Data Analysis and Visualization
In this analysis, we explored several aspects of the poems, including:
1. Word Count
2. Sentiment Analysis
3. Linguistic Complexity
4. Correlation
5. Word Cloud
6. Author Information
1. Word count


We used a word count distribution and a box-and-whisker diagram to understand the word count pattern. It is found that most poems have around 100 words on average, but some are much longer. These longer poems appear as small circles outside the box in the diagram. They are considered outliers.
2. Sentiment Analysis


Next, we studied the sentiment of the poems.
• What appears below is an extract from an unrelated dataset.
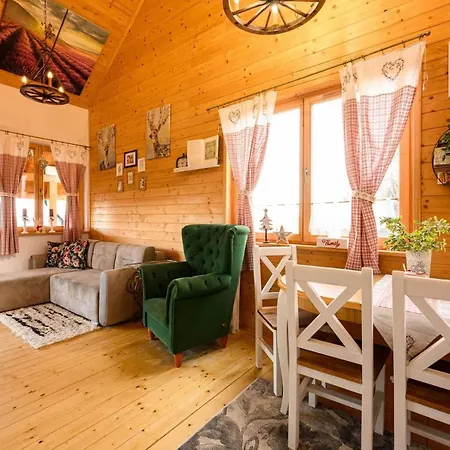 Przyjazna Apartmán Tarnawa Dolna (Lesser Poland)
Each poem was given a sentiment score between 0 and 1, where 0 means extremely negative, and 1 means extremely positive
We found that most of the poems have scores between 0 and 0.2, suggesting that most poems express negative emotions. Besides that, sentiment analysis also revealed that most poems express extreme emotions—either positive or negative—with a few being neutral.
3. Lingustic Complexity

We measured how complex each poem is in terms of their use of words. A higher complexity score means the poem uses more difficult or uncommon words. We selected the top 20 most complex poems and showed them in a bar chart.
4. Correlation

So far, we have collected data on sentiment, word count, and lingustic complexity. Next, we wanted to see if these variables are related to each other.
We created a correlation matrix that visualize the correlations between the variables. The result shows that the correlations are very close to zero, meaning that there is no strong relationship between word count, sentiment, or lingustic complexity.
5. Word cloud

We also created a word cloud to see which words appear most often. After filtering out the common words, we noticed that words like 天空, 時間, and 世界 are very popular in the poems. These words help us understand the themes that many poems focus on.
6. Author Information

Finally, we looked at the authors. We found there are 387 unique authors in the dataset. Among them, 18 authors wrote at least 4 poems.

We created a bar chart to show how many poems each of these authors wrote. The top two are:
1. 魏鵬展先生 (the Editor) with 44 poems written
2. 水盈作者 with 22 poems written

We also calculated the average sentiment score for each author. For example:
1. 魏鵬展先生 has an average score of 0.26, meaning the tone is quite negative
2. 水盈作者 has a score of 0.49, which is more neutral